发布时间：2018-01-19 20:18

本文关键词： MEMS 尺寸效应应变梯度理论铁木辛柯梁单元　出处：《山东大学》2017年硕士论文　论文类型：学位论文

【摘要】：随着科技的快速发展以及制造工艺水平的不断提升,微机电系统(英文缩写为MEMS)因其具有众多优点而被广泛地应用在电子产品、医疗器械、汽车工业以及航空航天等众多高精尖领域。因此,需要对MEMS器件进行细致地分析和研究。在MEMS的结构设计以及分析计算过程中,可以将一些结构简化为微板或者微梁,这也正是MEMS器件中典型的结构。所以,分析这类微尺寸结构的力学性能就变得非常重要。然而微观结构的性能和宏观尺寸结构的性能有着明显的不同,因此传统理论不适用于分析微观结构的力学性能。许多研究学者做了相关的微米结构的力学试验,试验表明复合材料、多晶硅、聚合物以及金属材料都具有尺寸效应,即随着微结构尺寸的不断缩小,其材料的力学性能在不断的增强,而这一现象无法用传统理论进行解释。
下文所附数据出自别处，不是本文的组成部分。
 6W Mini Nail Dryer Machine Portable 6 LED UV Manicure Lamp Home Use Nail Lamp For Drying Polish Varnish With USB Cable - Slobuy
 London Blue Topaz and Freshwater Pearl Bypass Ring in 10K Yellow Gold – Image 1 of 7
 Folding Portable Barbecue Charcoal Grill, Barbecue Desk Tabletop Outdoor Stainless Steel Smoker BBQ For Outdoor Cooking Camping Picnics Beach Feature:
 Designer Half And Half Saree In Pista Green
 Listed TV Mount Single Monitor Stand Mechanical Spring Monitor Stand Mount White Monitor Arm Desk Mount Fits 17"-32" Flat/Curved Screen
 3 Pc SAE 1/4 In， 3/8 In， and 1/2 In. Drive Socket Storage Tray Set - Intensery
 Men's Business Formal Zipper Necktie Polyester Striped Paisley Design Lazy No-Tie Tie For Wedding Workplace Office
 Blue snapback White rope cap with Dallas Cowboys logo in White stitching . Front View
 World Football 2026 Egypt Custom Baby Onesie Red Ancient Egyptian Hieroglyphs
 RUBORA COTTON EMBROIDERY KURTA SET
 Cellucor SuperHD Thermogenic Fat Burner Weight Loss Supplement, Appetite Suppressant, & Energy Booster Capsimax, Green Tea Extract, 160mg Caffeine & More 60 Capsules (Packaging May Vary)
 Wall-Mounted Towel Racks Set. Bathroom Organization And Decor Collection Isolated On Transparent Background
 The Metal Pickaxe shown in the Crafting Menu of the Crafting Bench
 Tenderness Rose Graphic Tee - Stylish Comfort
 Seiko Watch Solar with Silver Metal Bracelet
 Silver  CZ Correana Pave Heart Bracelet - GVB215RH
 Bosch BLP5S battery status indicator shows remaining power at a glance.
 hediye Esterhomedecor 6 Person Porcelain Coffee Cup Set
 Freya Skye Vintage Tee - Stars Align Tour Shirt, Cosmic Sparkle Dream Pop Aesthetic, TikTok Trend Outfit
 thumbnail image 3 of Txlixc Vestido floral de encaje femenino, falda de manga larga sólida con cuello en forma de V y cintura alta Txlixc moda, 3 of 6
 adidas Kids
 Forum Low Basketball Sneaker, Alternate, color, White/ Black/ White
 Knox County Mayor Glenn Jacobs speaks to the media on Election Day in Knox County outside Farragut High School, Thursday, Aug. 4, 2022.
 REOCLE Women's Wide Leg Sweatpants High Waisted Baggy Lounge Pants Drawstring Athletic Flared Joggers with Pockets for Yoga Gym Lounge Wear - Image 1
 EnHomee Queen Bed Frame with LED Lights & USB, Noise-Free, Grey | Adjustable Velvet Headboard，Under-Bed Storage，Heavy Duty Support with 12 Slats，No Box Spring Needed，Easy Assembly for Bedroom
于是需要发展和完善一种能够适用于研究微纳米结构力学性能的理论与模型。虽然许多学者发展了多种用于解释尺寸效应现象的理论,例如非局部理论、偶应力理论、表面能理论以及应变梯度理论等,但是最成功的理论之一当属应变梯度理论。非局部理论更加适用于结构软化的研究。表面能理论只考虑了表面效应的影响而忽略了结构体内部的影响,因此该理论更加适用于表面与体积之比更大的纳米量级的结构。梯度弹性理论虽然计算简单但精度较低。偶应力理论只考虑了一种应变梯度项,而应变梯度理论则考虑了三种应变梯度项,集合了多种理论的优点,避免了一些缺点,因此该理论得到了广泛应用。应用应变梯度理论构造了一种适用于复杂问题的非传统微纳米尺度铁木辛柯梁单元。新单元中包含三个能够预测尺寸效应的材料长度尺寸参数,同时这个单元可以通过设置材料长度尺寸参数退化为修正偶应力理论单元或者传统单元。对于传统的单元,满足C_0型连续,每个单元包含两个节点,每个节点又有两个自由度。但对于新构造的单元,则满足C_1型连续,每个单元包含两个节点,每个节点又有四个自由度。新单元采用挠度和转角独立差值,有限元方程、刚度矩阵和质量矩阵通过积分弱形式可推导得出。为了检验新单元的精确性和可靠性,研究了新单元的收敛情况以及剪切锁死问题。接着研究了铁木辛柯梁不同边界条件下的静态问题和动态问题。为了精确地研究微纳米结构的尺寸效应,本文还同时考虑了表面影响和体影响。从物理角度来说,尺寸效应不仅是由体产生的,还与表面有关。表面能理论和应变梯度理论分别用于说明表面影响和体影响。本文构造了基于应变梯度理论以及表面能理论的伯努利-欧拉梁模型和铁木辛柯梁模型。控制方程、边界条件和初始条件可以应用哈密顿原理得出。两个新模型中都包含三个材料长度尺寸参数和三个表面弹性常数。新构造的非传统模型不仅能够退化为只考虑体影响或者只考虑表面影响的模型,还可以退化为修正偶应力理论模型和传统模型。除此之外,当不考虑剪切变形影响时,新构造的模型可以退化为伯努利-欧拉梁模型。为了说明新构造的模型,研究了微纳米尺度的伯努利-欧拉梁以及铁木辛柯梁的静态问题和动态问题。结果显示当梁的尺寸很小时,不同模型之间的差别很大,即尺寸效应很明显。随着纳米梁尺寸的不断变大,模型之间的差别不断减小。本文还基于应变梯度理论研究了具有弹性支座的Kirchhoff微板模型。此模型引入了三个额外的材料参数,使得新模型能够预测弹性支撑微板结构的尺寸效应。通过设置一些材料参数等于零,能够将此模型退化为传统理论模型或修正偶应力理论模型。结果讨论中给出了四边简支的方形微板静态弯曲问题、稳定性问题和自由振动问题等的研究,同时比较了当前模型和其他退化模型之间的差别,并研究了弹性支撑对板的影响。此研究可以有效地指导具有弹性支撑方形微板的分析与设计,因此具有很好的应用前景。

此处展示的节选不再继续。